Wealth manager and Financial Planner Brooks Macdonald said its total funds under management and advice (FUMA) climbed by 5% to £20.1bn in the last six months, up from £19.1bn at the end of June 2025.
Of that total, funds under management were £17.8bn and advised only assets were £2.3bn.
The firm published the figures today in half-year results for the six months to 31 December 2025, prompting CEO Andrea Montague to say the business has “good momentum.”
It said there were net inflows of £2m during the period, the first half year of positive net flows since the second six months of 2023. In the first half of 2025 it recorded net outflows of £262m.
Revenue increased in the six months by 12% to £58.2m, which the firm said was supported by higher financial planning and fee income and partly offset by lower interest and transactional income.
Total underlying costs at the business increased by 3% to £45.4m, excluding acquisitions and net finance income. Overall underlying costs, including acquisitions, increased by 20%, compared to the £37.8m of underlying costs in the first half of the year.
Brooks’ underlying profit before tax was said to be £13.6m, representing a margin of 23.4%. Its statutory profit before tax was £6.2m, half the £12.6m recorded in the first half. That lower figure “reflects higher organic investment, M&A and integration costs”, the firm said.
It has recommended an interim dividend of 31.0 pence per share, up 3%.
Andrea Montague, CEO of Brooks Macdonald, said: “Today’s results demonstrate we have good momentum across the business starting with positive net flows and better revenues.
“We’ve established Brooks Financial and completed the integration creating a scalable, whole of market Financial Planning capability. We’ve made deliberate investments in the business to drive sustainable growth and I’m confident our capability in investment management and distribution positions us for the future.”
She said the business has made deliberate investments in areas such as digital capability, AI and product innovation and launched digital developments including the launch of the Brooks Macdonald mobile app and improved onboarding of clients through digitisation.
The company said it has been deploying AI “to reduce administrative burden which will free capacity to spend more time serving clients.”

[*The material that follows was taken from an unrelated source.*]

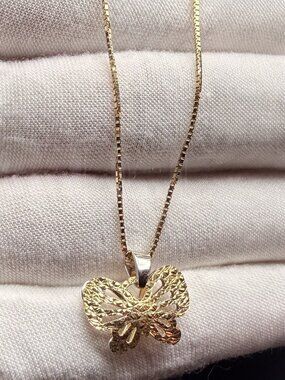 14K Two Tone Gold Butterfly Pendant With 0.8mm Box Chain - 20 inch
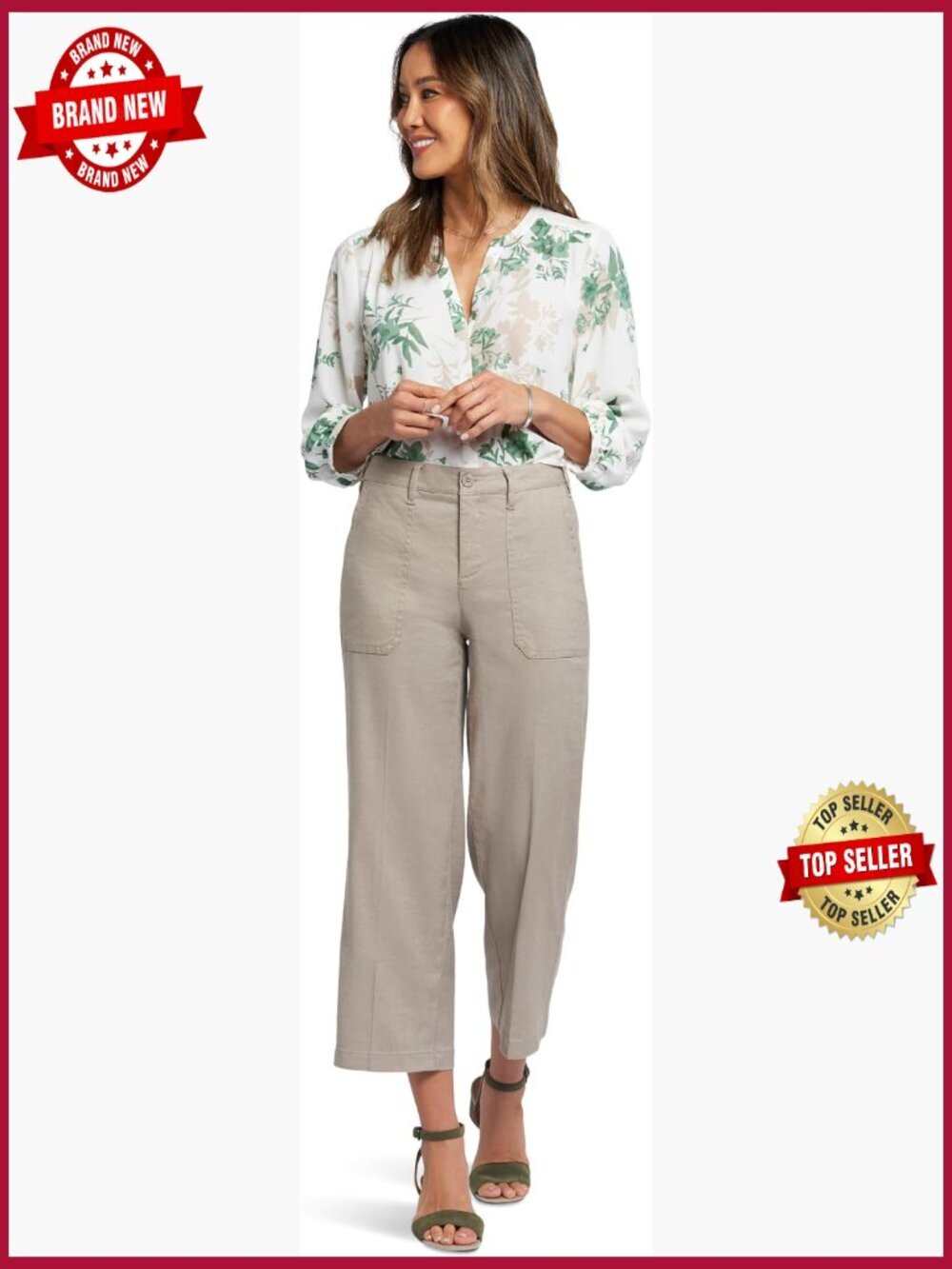 Wide Leg Cropped Cargo Pants in Linen Blend, Stretch Mid Rise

Brooks Macdonald has been striving to recover after being hit by net outflows in 2023 and cutting 10% of staff. It said the cuts from its 512-strong workforce were designed to ensure it was, “set up for success, organised to deliver its strategy and drive growth.”
In July 2025 Brooks Macdonald launched a new Financial Planning brand - Brooks Financial. It said the brand was launched to recognise the growing scale of Brooks Macdonald’s Financial Planning business following the acquisitions of LIFT-Financial, Lucas Fettes and CST.
Andrea Montague took over as CEO of Brooks Macdonald on 1 October 2024, since which time it has made several acquisitions.
In 2025 the firm completed the acquisition of Chartered Financial Planners LIFT-Financial Group Limited and LIFT-Invest for £45m, Welsh Chartered Financial Planning firm CST Wealth Management for an undisclosed sum and £890m AUA Norwich-based Lucas Fettes Financial Planning.